A panel discussion at the Milken Institute
Published on May 2, 2016
Moderator
Katie Fehrenbacher, Senior Writer, Fortune
Speakers
Michl Binderbauer, Chief Technology Officer, Tri Alpha Energy
Michel Laberge, Founder and Chief Science Officer, General Fusion
Thomas McGuire, Research Engineer and Scientist; Compact Fusion Principal Investigator, Lockheed Martin
Dennis Whyte, Director, Plasma Science and Fusion Center, MIT
It’s been called clean energy’s Holy Grail — one with an almost inexhaustible source of fuel: hydrogen. For decades they’ve been talking about it, with the result being a lot more hype than fusion. Billions of dollars have been spent on nuclear fusion projects, without much to show for it. But the game may be changing.
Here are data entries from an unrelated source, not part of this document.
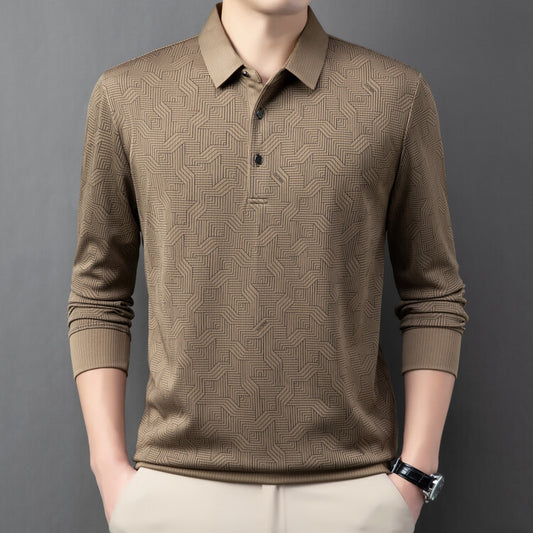 Chemise polo à manches longues pour hommes à la mode avec un design texturé et des propriétés respirantes Chic und Stil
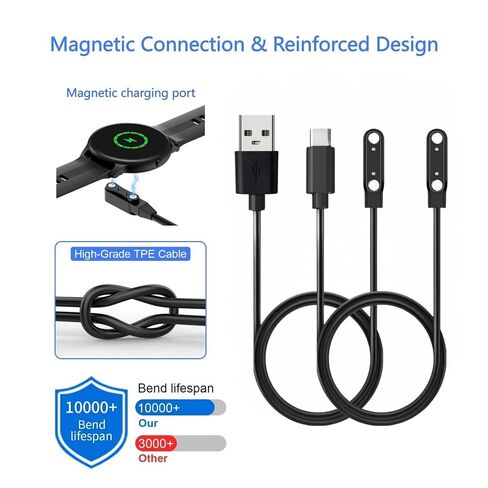 2-Pack Smart Watch Universal Charger Magnetic, da fit Watch Accessories 60cm USB 2 Pin 7.62mm Magnetic Charging Cable Compatible with All 2-Pin 7.5mm - 8mm Pin-Pitch Smartwatch (USB-A + USB-C) in Kuwait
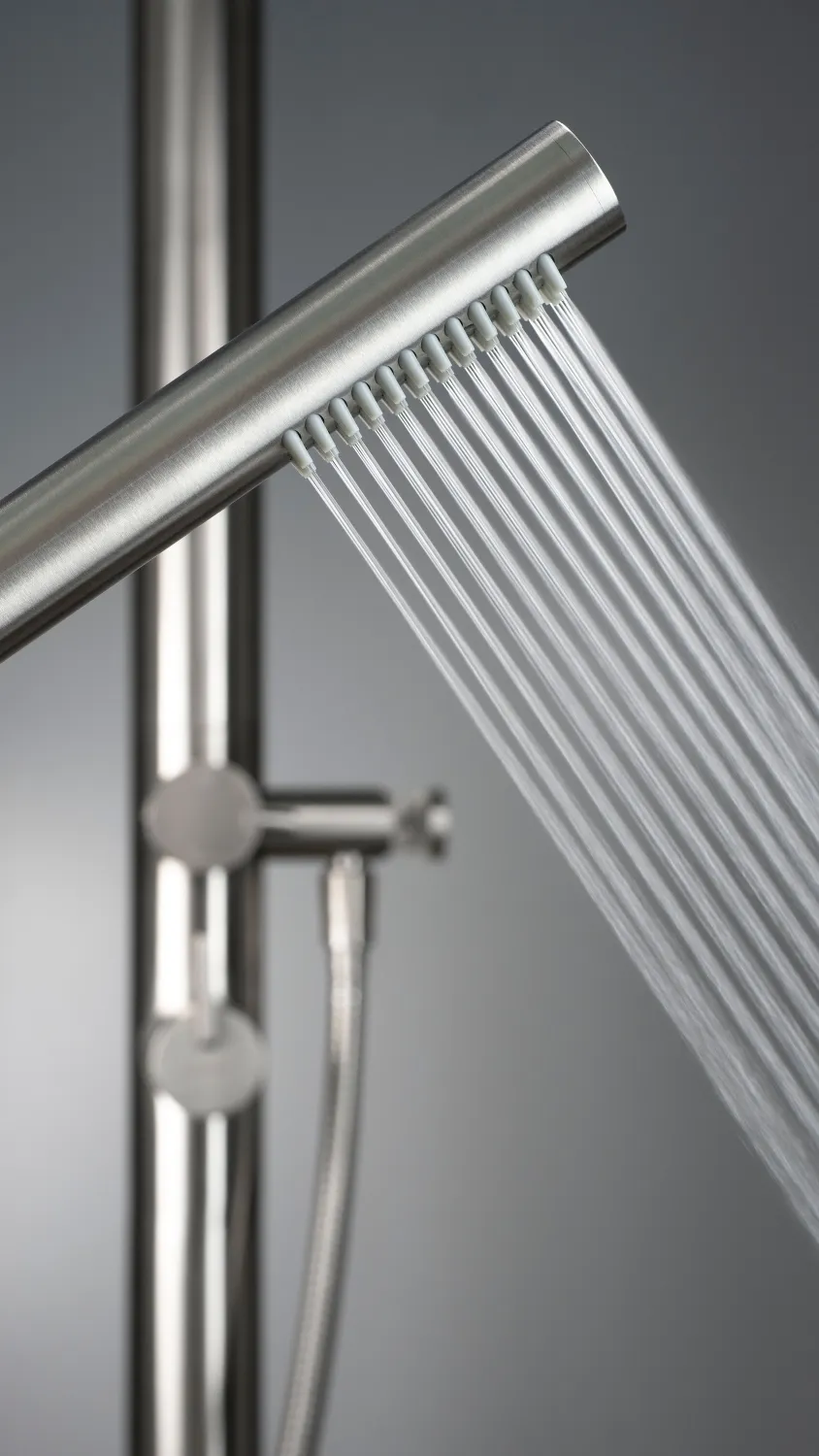 Colonne de douche Deante Silia pour montage au sol avec mitigeur de douche en acier inoxydable brossé (intérieur / extérieur) — vue 4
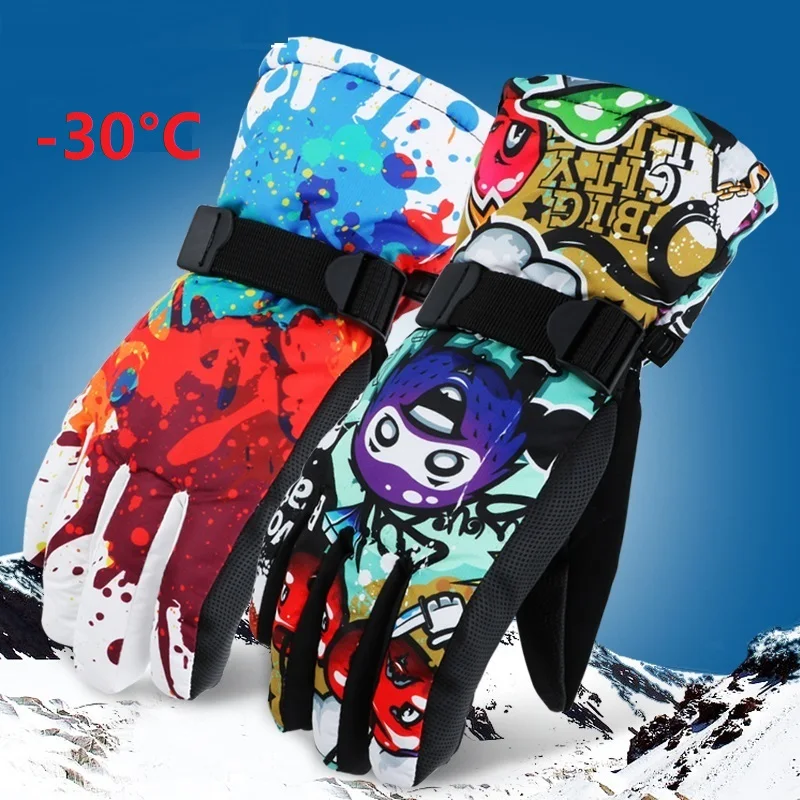 Профессиональные лыжные перчатки для взрослых и подростков, перчатки для сноуборда, мотоциклетные зимние теплые перчатки для верховой езды, альпинизма, водонепроницаемые зимние перчатки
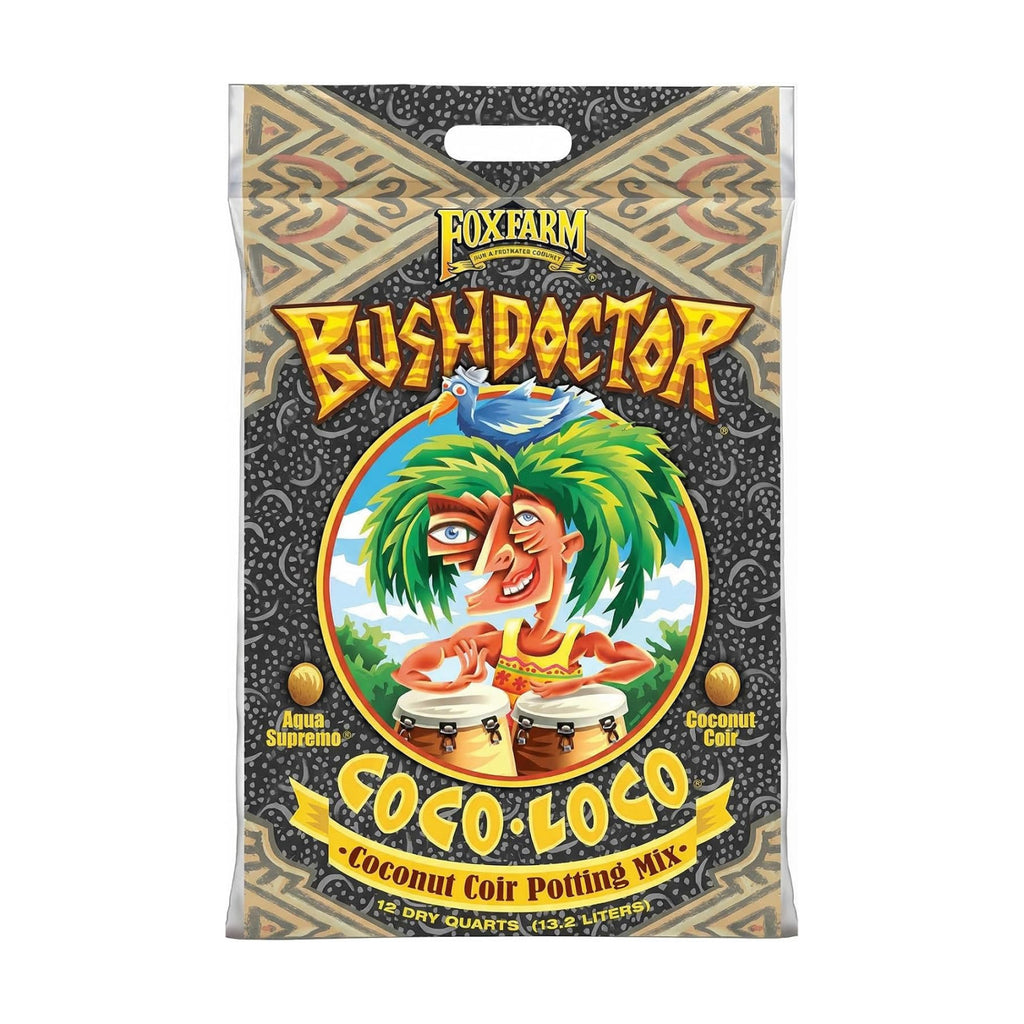 FoxFarm BushDoctor Coco Loco Soil Potting Mix, Triple-Washed for Reduced Salt, Retains Water, Includes Bat Guano &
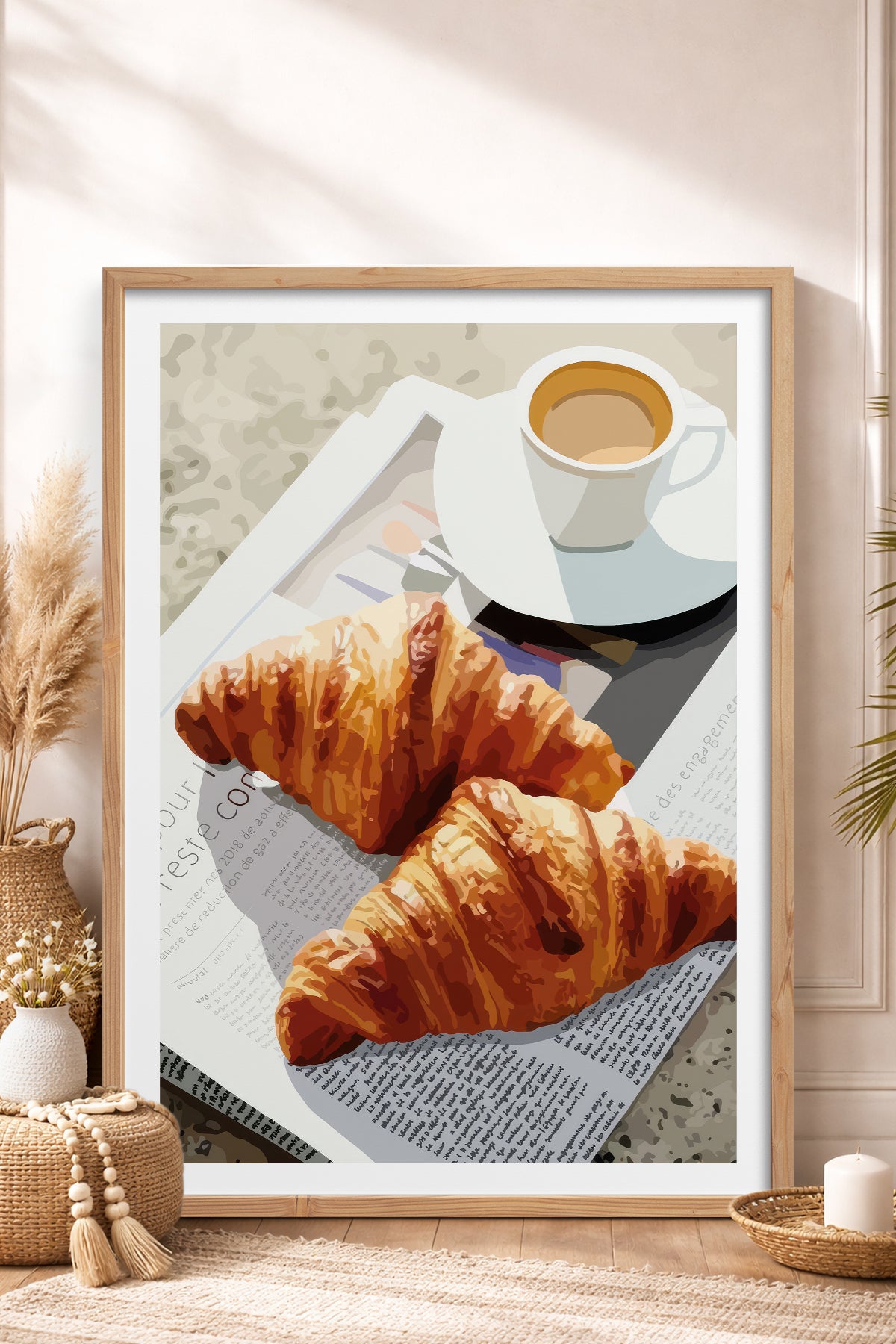 HOMEPACK Ahşap Çerçeveli Tablo Çerçeveli Poster Sanatsal Modern Duvar Dekoru TK-1007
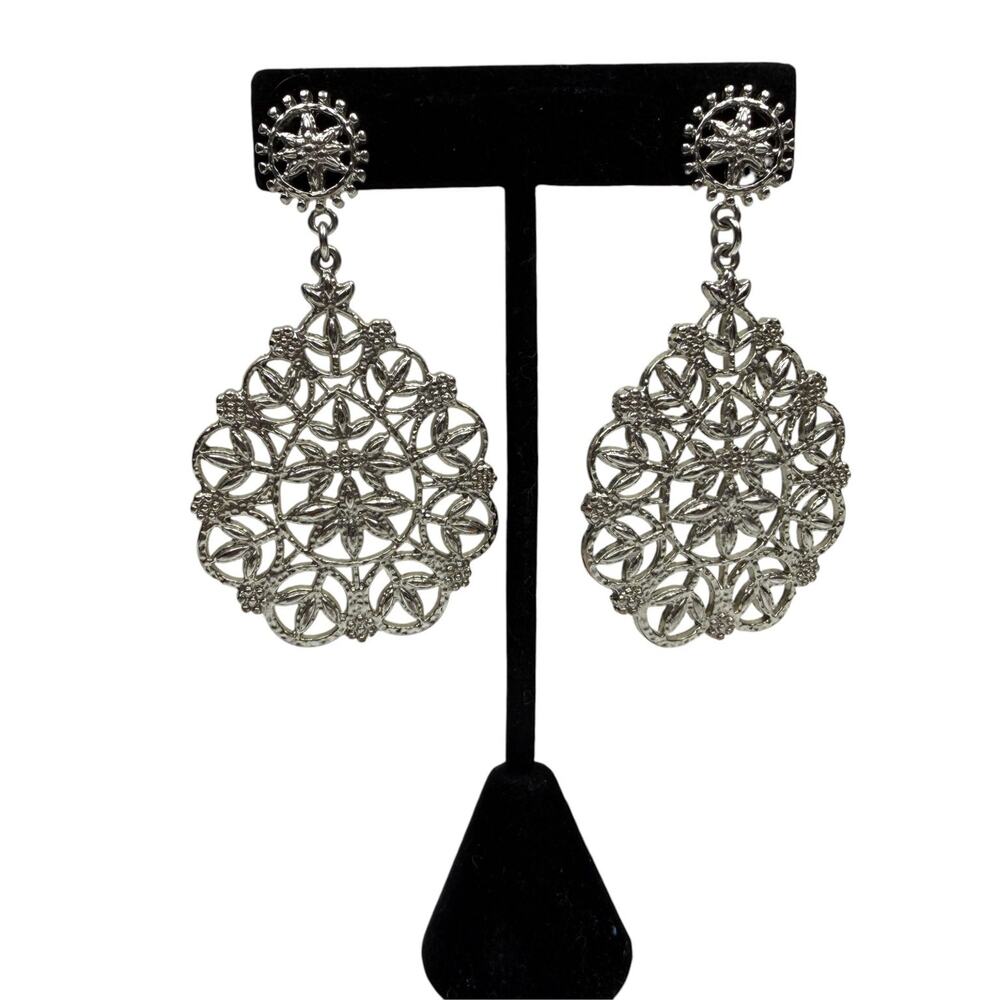 Silver Tone Filigree Teardrop Dangle Earrings Fashion Jewelry Push Back 2.5 in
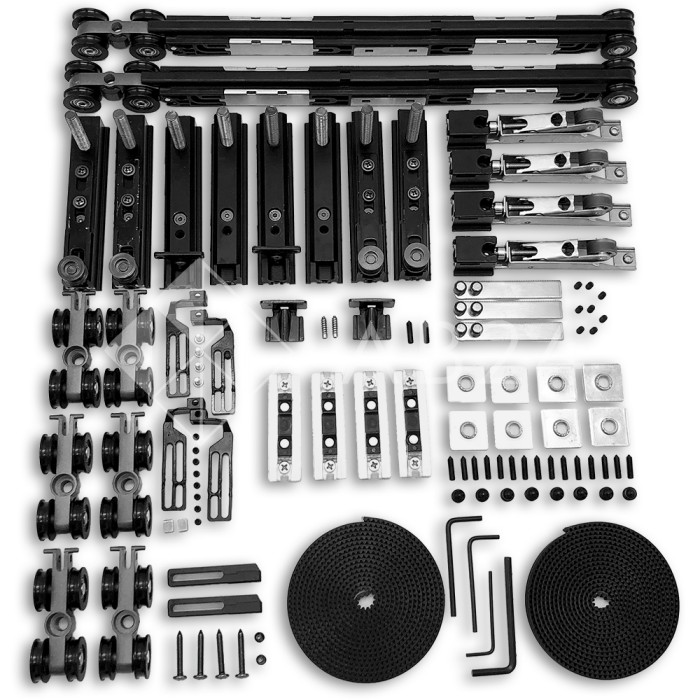 Раздвижная система FDS-18.4 телескопическая для четырех дверей 4+0, черный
In recent years, startup companies capitalized by well-known investors such as Amazon’s Jeff Bezos, Microsoft co-founder Paul Allen and PayPal co-founder Peter Thiel have taken on the quest for nuclear fusion, adopting a Silicon Valley mindset of “move fast, fail fast” that doesn’t require government grants or giant infrastructure. For these bold scientists with a knack for thinking outside the box and taking risks, and for private investors who are willing to back them and take a gamble on saving the planet, fusion energy might be just around the corner, not decades away. These fusion startups are moving many times faster than publicly funded research ever could, often at much lower cost. Will this budding private sector and its new research approaches be a game changer? Has nuclear fusion’s time finally arrived?